> **What to do**
Nothing in the records should be changed in the copy, though the pictures must be left out.

> **Captioned web images**

# # # #

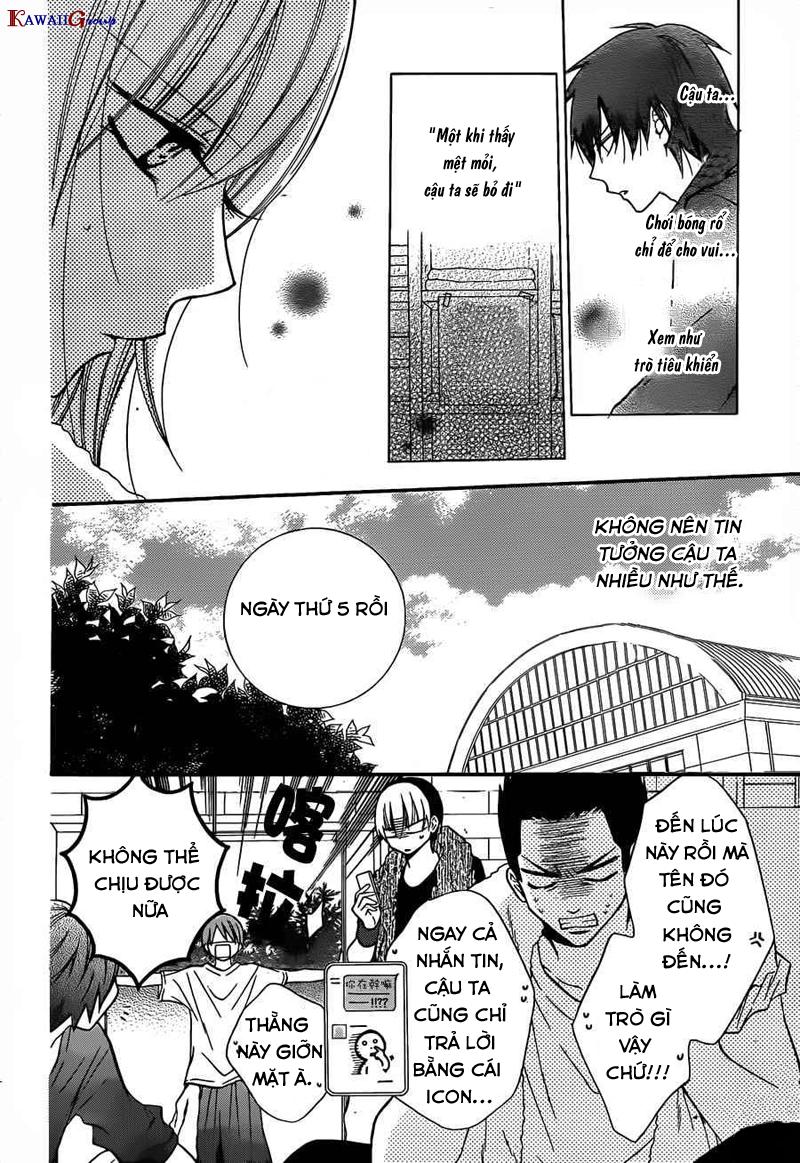 Namaikizakari Chapter 11 - 10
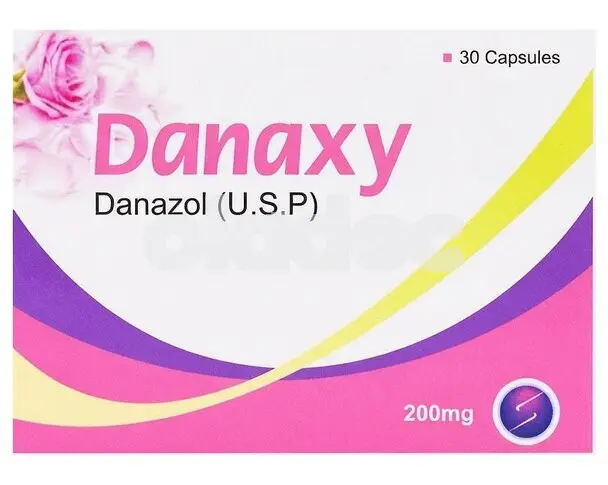 Danaxy Capsule 200mg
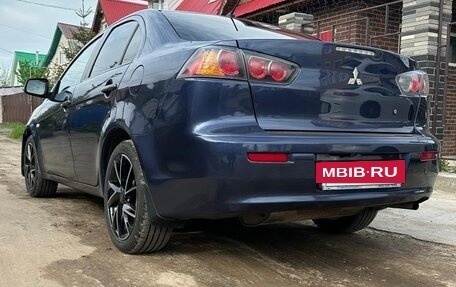 Mitsubishi Lancer IX, 2011 год, 900 000 рублей, 4 фотография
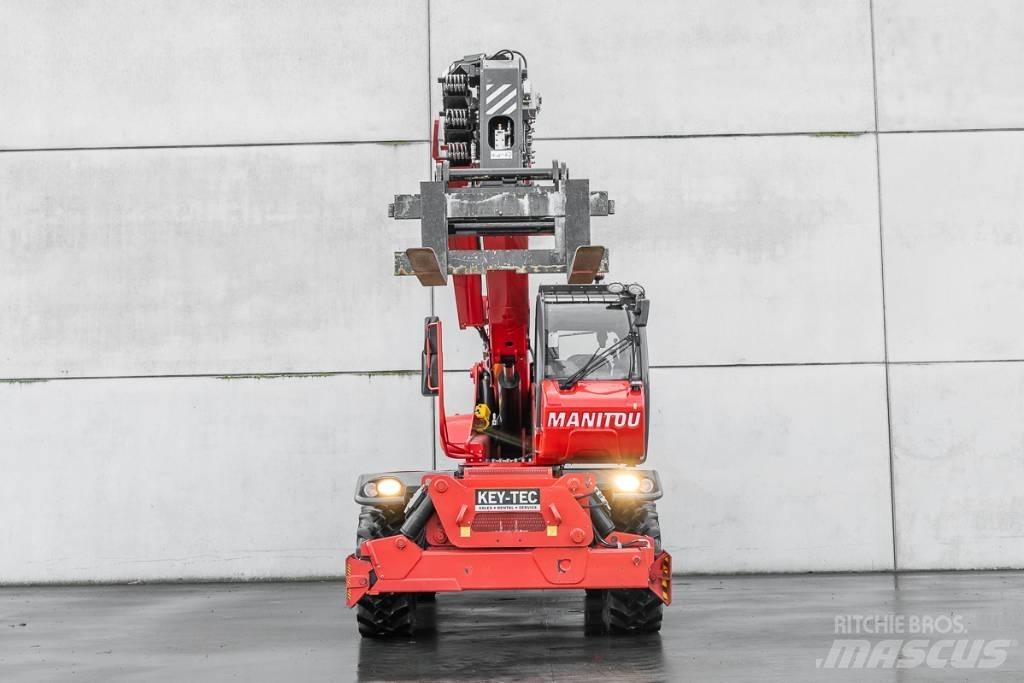 Manitou MRT 2550 Teleskopski viljuškari
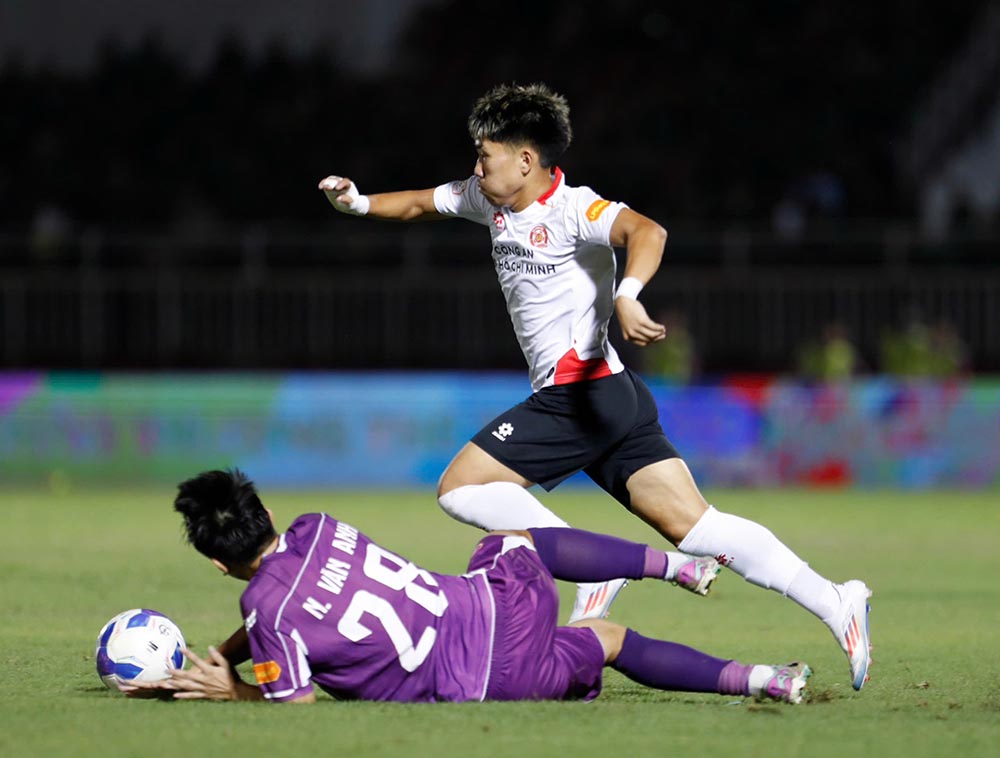 Sau bàn thua, huấn luyện viên Lê Huỳnh Thức thực hiện nhiều sự điều chỉnh nhân sự và chiến thuật nhưng đều không đem lại hiệu quả.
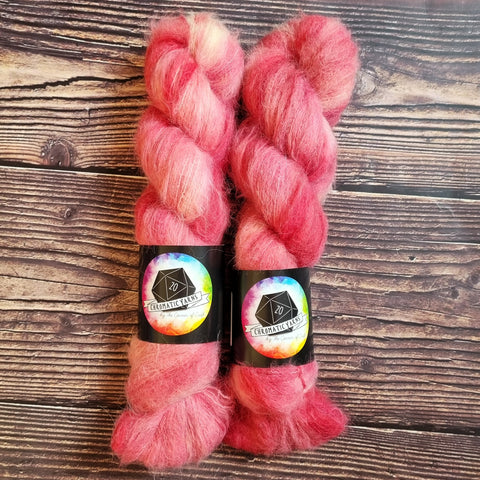 Health Bar Suri Cloud Lace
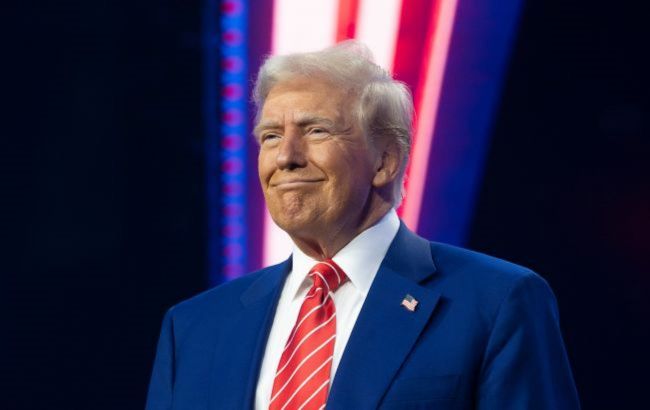 'It's now working not too well': Trump announces Iranian fleet wiped out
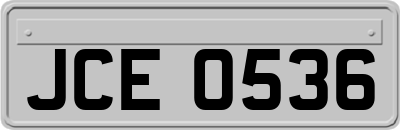 JCE0536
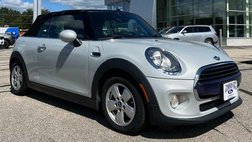 2016 MINI Convertible Cooper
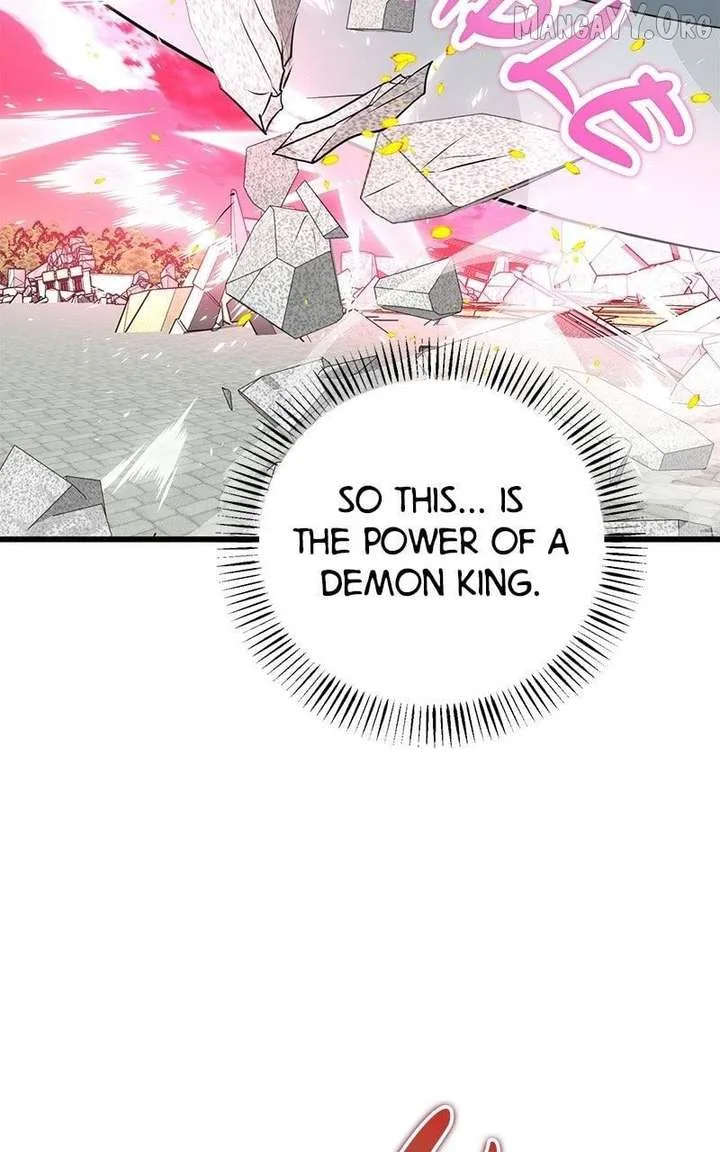 The Demon King Dad and his Hero Daughter Chapter 53 page 36
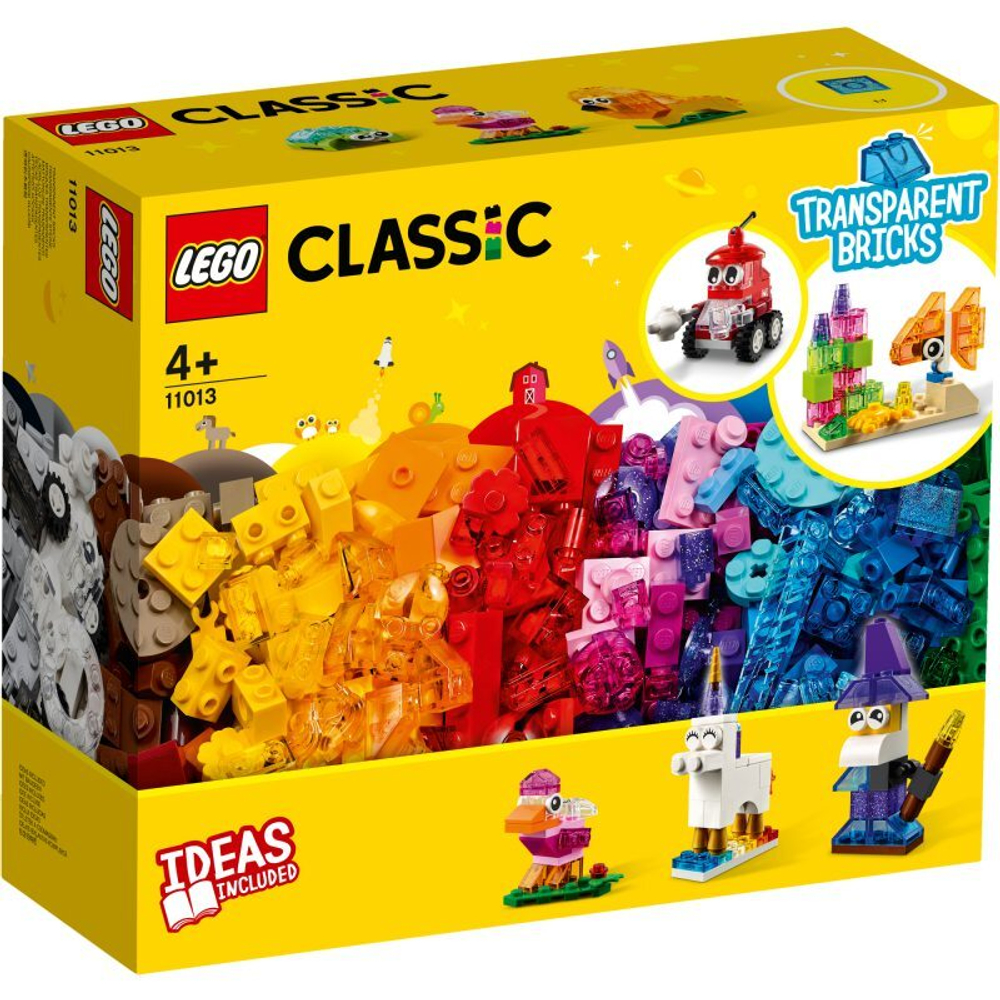 Lego classic 3 in 1 outlet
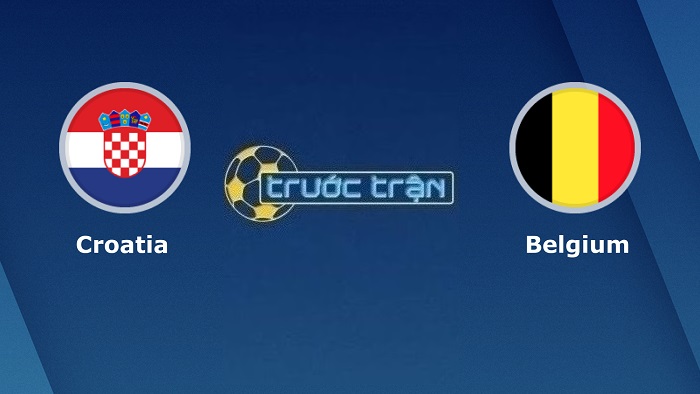 Croatia vs Bỉ – Soi kèo hôm nay 22h00 02/12/2022 – World Cup 2022
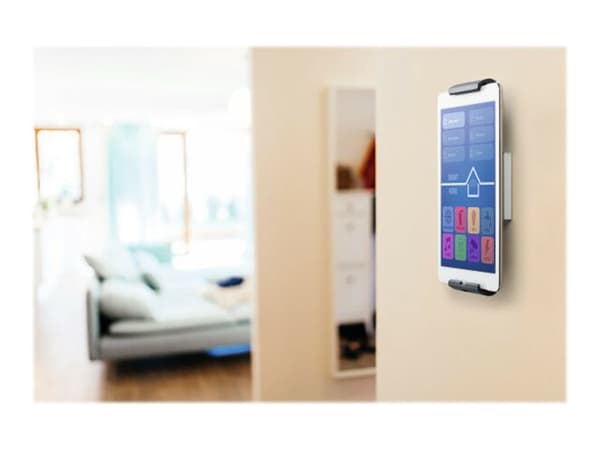 DURABLE TABLET HÅLLARE WALL Tablet Knägt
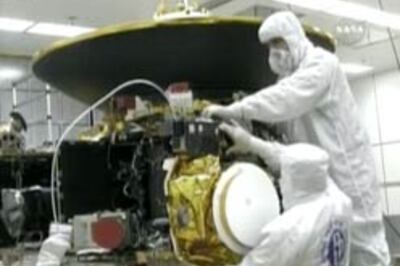 India-NASA: No gaps of space, time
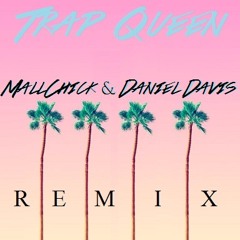 Ed Sheeran - Trap Queen (Wavepool & Daniel Davis Remix)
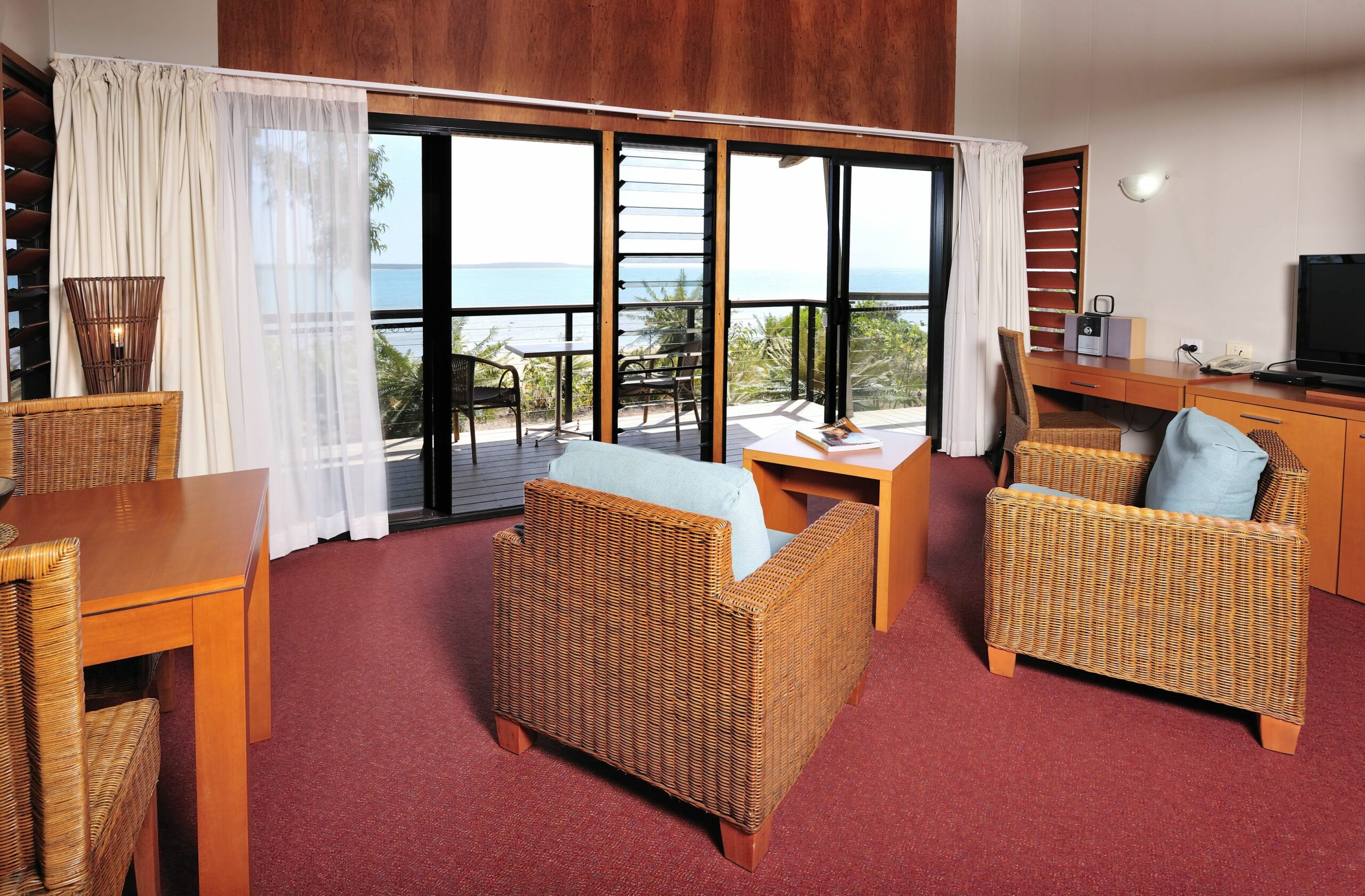 Groote Eylandt Lodge managed by Metro Hotels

# # # #

> **Answer space**
 Namaikizakari Chapter 11 - 10
 Danaxy Capsule 200mg
 Mitsubishi Lancer IX, 2011 год, 900 000 рублей, 4 фотография
 Manitou MRT 2550 Teleskopski viljuškari
 Sau bàn thua, huấn luyện viên Lê Huỳnh Thức thực hiện nhiều sự điều chỉnh nhân sự và chiến thuật nhưng đều không đem lại hiệu quả.
 Health Bar Suri Cloud Lace
 'It's now working not too well': Trump announces Iranian fleet wiped out
 JCE0536
 2016 MINI Convertible Cooper
 The Demon King Dad and his Hero Daughter Chapter 53 page 36
 Lego classic 3 in 1 outlet
 Croatia vs Bỉ – Soi kèo hôm nay 22h00 02/12/2022 – World Cup 2022
 DURABLE TABLET HÅLLARE WALL Tablet Knägt
 India-NASA: No gaps of space, time
 Ed Sheeran - Trap Queen (Wavepool & Daniel Davis Remix)
 Groote Eylandt Lodge managed by Metro Hotels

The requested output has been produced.